- **RECORDED INFORMATION**:
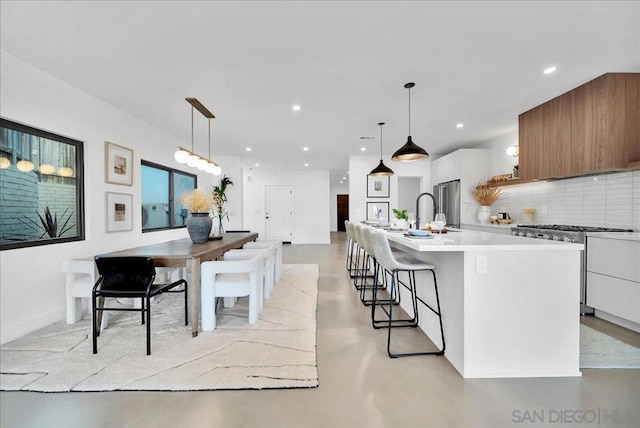 kitchen with appliances with stainless steel finishes, white cabinets, backsplash, hanging light fixtures, and a kitchen island with sink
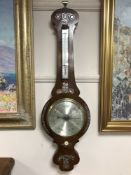 A Victorian inlaid rosewood barometer with silvered dial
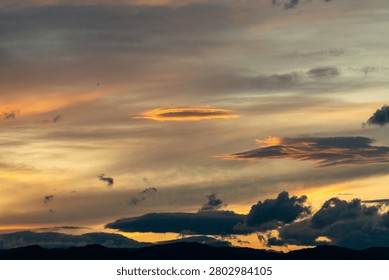 A breathtaking cloudscape captured during the height of the golden hour. Drifting, textured storm clouds are illuminated with vibrant shades of gold, amber, and orange against patches of soft evening sky, hovering peacefully over the dark, layered silhouettes of a distant mountain range at twilight.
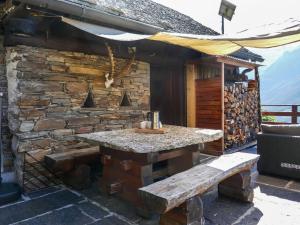 MalvagliaHoliday Home Rustico Catcüc by Interhome的石头建筑,带桌子和长凳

- **ACTION ITEM**:
Pictures stay out. Print the data exactly, from its first line through the line containing "A breathtaking cloudscape".

- **SOLUTION**:
 kitchen with appliances with stainless steel finishes, white cabinets, backsplash, hanging light fixtures, and a kitchen island with sink
 A Victorian inlaid rosewood barometer with silvered dial
 A breathtaking cloudscape captured during the height of the golden hour. Drifting, textured storm clouds are illuminated with vibrant shades of gold, amber, and orange against patches of soft evening sky, hovering peacefully over the dark, layered silhouettes of a distant mountain range at twilight.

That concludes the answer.